REQUIRED ACTION:
Beginning with the line containing "Unidentified. Picture" and ending with the last line of the entries below, copy each line exactly and nothing else.

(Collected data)
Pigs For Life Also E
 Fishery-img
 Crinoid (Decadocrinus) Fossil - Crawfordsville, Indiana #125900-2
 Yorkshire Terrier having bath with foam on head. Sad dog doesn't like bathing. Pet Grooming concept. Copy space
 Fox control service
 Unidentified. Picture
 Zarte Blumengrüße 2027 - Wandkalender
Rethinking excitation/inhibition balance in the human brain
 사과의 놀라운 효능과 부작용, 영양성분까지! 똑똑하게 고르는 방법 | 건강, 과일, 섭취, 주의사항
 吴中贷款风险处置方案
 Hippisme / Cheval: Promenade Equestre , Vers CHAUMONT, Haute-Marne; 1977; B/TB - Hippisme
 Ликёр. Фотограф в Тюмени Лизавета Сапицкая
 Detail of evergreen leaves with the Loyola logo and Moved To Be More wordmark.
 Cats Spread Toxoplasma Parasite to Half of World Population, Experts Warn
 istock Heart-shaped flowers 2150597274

RESULT OF THE TASK:
 Unidentified. Picture
 Zarte Blumengrüße 2027 - Wandkalender
Rethinking excitation/inhibition balance in the human brain
 사과의 놀라운 효능과 부작용, 영양성분까지! 똑똑하게 고르는 방법 | 건강, 과일, 섭취, 주의사항
 吴中贷款风险处置方案
 Hippisme / Cheval: Promenade Equestre , Vers CHAUMONT, Haute-Marne; 1977; B/TB - Hippisme
 Ликёр. Фотограф в Тюмени Лизавета Сапицкая
 Detail of evergreen leaves with the Loyola logo and Moved To Be More wordmark.
 Cats Spread Toxoplasma Parasite to Half of World Population, Experts Warn
 istock Heart-shaped flowers 2150597274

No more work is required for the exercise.